== Exercise brief ==
Below, some lines carry pictures; leave those pictures out and retype exactly the lines from the one with "Libro de Pintura" through the one with "Madison Leigh Halter".

== The records ==
^^^^^^^^

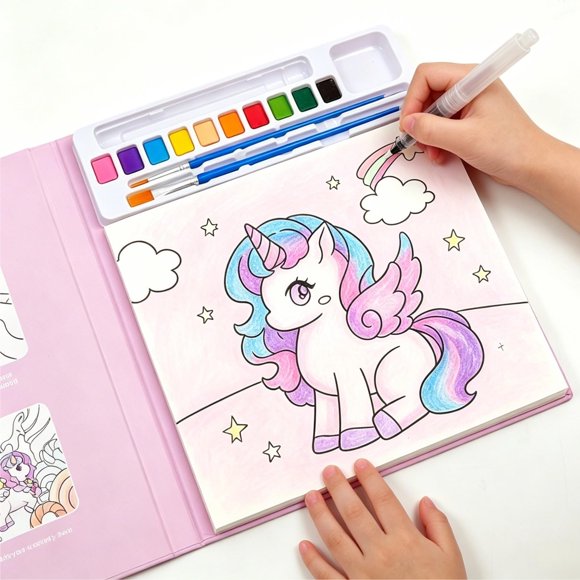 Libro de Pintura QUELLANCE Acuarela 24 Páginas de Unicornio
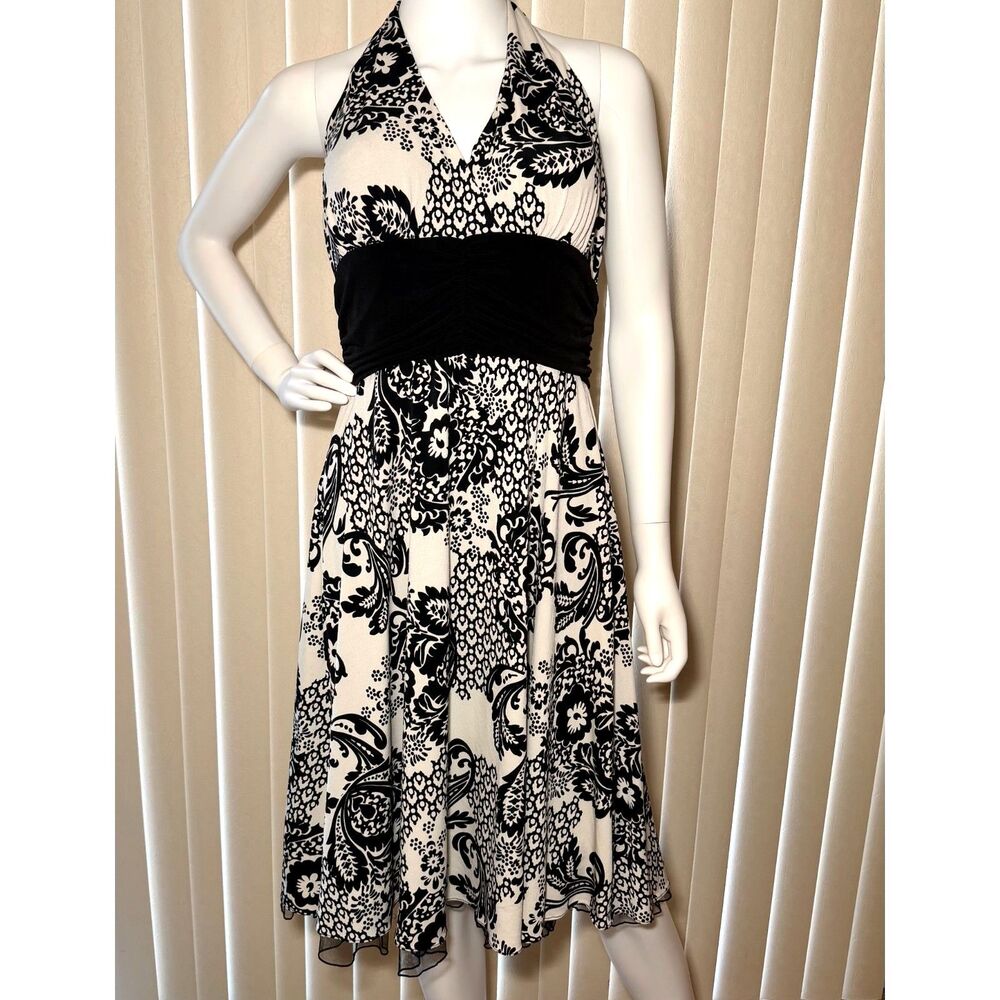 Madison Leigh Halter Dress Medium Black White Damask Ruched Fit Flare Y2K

^^^^^^^^

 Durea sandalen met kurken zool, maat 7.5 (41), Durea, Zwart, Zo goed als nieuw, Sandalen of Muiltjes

^^^^^^^^

== Result below ==
 Libro de Pintura QUELLANCE Acuarela 24 Páginas de Unicornio
 Madison Leigh Halter Dress Medium Black White Damask Ruched Fit Flare Y2K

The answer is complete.